The supervisors voted 8-3 to rebuff a plan by supporters . . . to berth the World War II-era ship at San Francisco's port and turn it into a tourist attraction. . . .
[Some supervisors] cited several reasons why the ship doesn't belong in San Francisco: the widespread opposition to the war in Iraq, the unequal treatment of gay and lesbian enlisted men and women, and the city's reputation as the home of the peace movement.
"It's important that we have for our children, for those who come here, a vision that is uniquely San Francisco in terms of what, for decades, has been a city represented again and again in the foremost positions of peace movements," said Supervisor Jake McGoldrick, who opposed the plan. . . .
[The ship] first set sail in 1943, and its long career included tours during World War II and the Korean War. . . .
The debate turned Tuesday's meeting into a political free-for-all, with supervisors standing up to express their dislike of the Bush administration's policies and the war in Iraq.
Supervisors Tom Ammiano and Bevan Dufty, both openly gay, said they would not support bringing the ship to San Francisco because of how the military treats gay people.
Supervisor Ross Mirkarimi said permanently berthing the Iowa on San Francisco's historic waterfront is not something city residents would want.
"If I was going to commit any kind of money in recognition of war, then it should be toward peace, given what our war is in Iraq right now," he said. . . .
Just appalling. This ship helped protect America and the Free World from the Japanese and the Nazis. It helped protect the South Koreans from being overrun by the North. Yet somehow that's all outweighed in the Supervisors' minds by the Iraq war and of the military's policy on homosexuality.

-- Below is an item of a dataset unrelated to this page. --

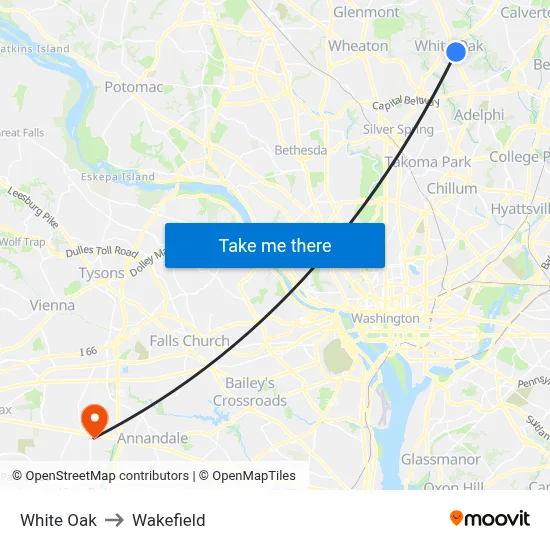White Oak to Wakefield map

What a shocking lack of perspective and lack of respect for the institution that has helped (and continues to help) to protect San Franciscans -- and, I should mention, gay and lesbian San Franciscans, who would have suffered far worse than exclusion from the military in the hands of our WWII-era enemies, or of our modern enemies -- alongside all other Americans. (For more on a similar lack of perspective on the part of law schools that refuse to let the military interview on campus, see here.)
Naturally, I should stress that the city had no moral duty to allow the berthing of the ship here; there may be all sorts of good practical reasons not to do this, even if, as the museum's supporters say, "they would cover the cost of moving the ship and remodeling the piers where it would be located . . . as well as any other annual fees the city would charge to berth the ship." But at least some supervisors' reason seemed to be essentially their lack of respect for the symbols of the U.S. military -- and what an awful reason that is.